Reading Angela's Ashes, you never get a sense of dreary gloom. Sure, things were bad, but McCourt nonetheless writes about his difficult childhood with a sense of nostalgia. And humor. Lots of humor. You never get the sense of a man who feels sorry for himself, who is trying to make excuses for a possibly later difficult adult life. He describes moments that would drive many people to tears in a way that instead drives them to laughter. The memoir also never aims to preach. Frank is a boy who loves to read, but McCourt never aims to proselytize his own strength of character due to this attribute. It seems to be a way to escape the difficulties of life and see other worlds. In fact, the memoir never really feels like a memoir, as McCourt never makes self-referential comments nor does he point to his future.

One area that would be ripe for self-pity in other memoirs is the topic of McCourt's failure of a father. In other stories, this father would not only be incompetent, but a rotten person. Malachy may not have been able to overcome his alcohol addiction to take better care of his family, but he was not a bad father in all regards. Frank loved his father in the tender way his father regarded the children and his wife and through the stories of Cuchulain his father shared. Frank couldn't help but hate the man who returned home late from the pub, singing songs of Irish nationalism, but still love the tender, loving man beneath the drunkenness.

This is the second memoir by McCourt that I have read. The first was Teacher Man, his last, so I always knew what sort of life he would lead later. Knowing that made this an even more extraordinary read, as it turns out Angela's Ashes is the beginnings of a rags to riches story.
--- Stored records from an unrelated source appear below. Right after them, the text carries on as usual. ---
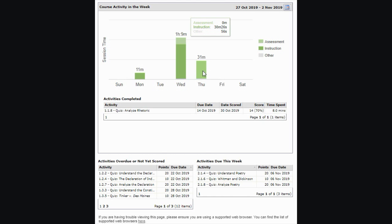The other category in gray refers to the time spent on menu pages and anything in between instruction and assessments. Below the graph, you can see any assignments that were completed that week, including the activity name, the due date of that activity, the date the activity was completed and graded, the score, and the amount of time spent in that activity.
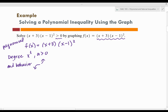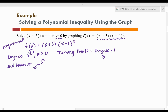The next thing we want to look at is the number of turning points. Turning points equals the degree of the function minus 1. Our degree is 3, so we have 3 minus 1, which is 2. So we should have two turning points on this function.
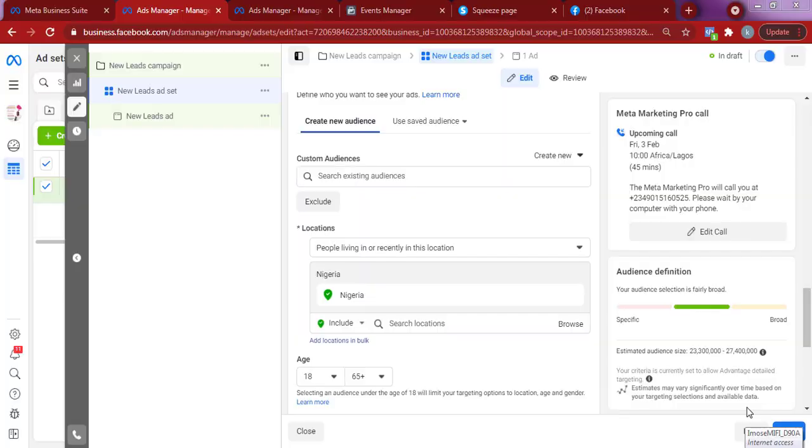But before I show you how this tool works, if you're here and haven't subscribed to the channel, now is the right time to do so. Just click the subscribe button, turn on the bell notification so you'll get notified when I drop amazing videos just like this. So that being said, let's go into the video and see how apptargeting.io works.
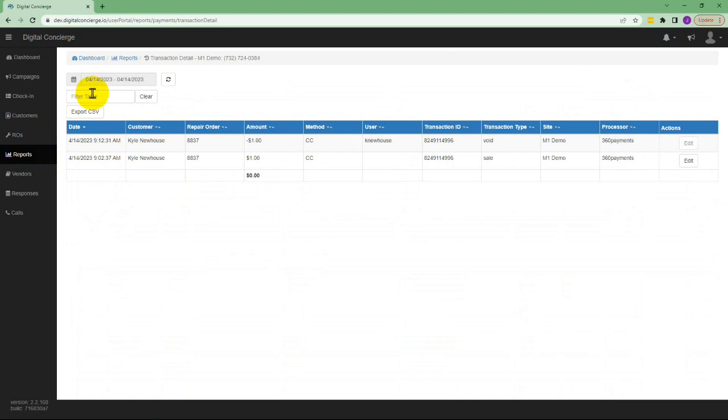This report will list all of your transactions and give you the option to filter them to find what you're looking for quickly.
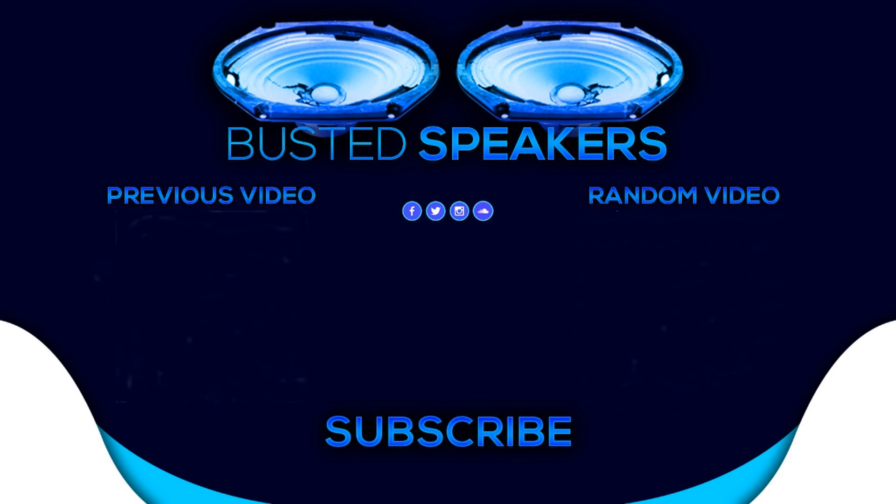So thanks for joining us on Busted Speakers for this review of the new Stephen Malkmus album. Let us know what you thought of this album in the comments below. I've been your host, Ed. Bye for now. See you guys. Goodbye.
That a young boy in some of the worst conditions of poverty could later become a successful teacher and then become rich writing a novel is an amazing feat. Also having read Teacher Man first, I saw a glimpse of a different sort of Frank McCourt, a McCourt who did not view the rest of his adult life with the same kind of nostalgia he gives his childhood here. It's amazing the difference in tone between the two books. In Teacher Man there's a sort of smugness, a narcissism, and poor attempts at humor that made it difficult for me to enjoy. Angela's Ashes seems, then, a surprise success from somebody not quite so full of himself as he would become later. Rather than nostalgia, he viewed his teaching career almost as a wasted life, one made complete only by the success of his memoir. That said, Angela's Ashes is an enjoyable, funny, and sometimes heartbreaking story about a normal, yet extraordinary life.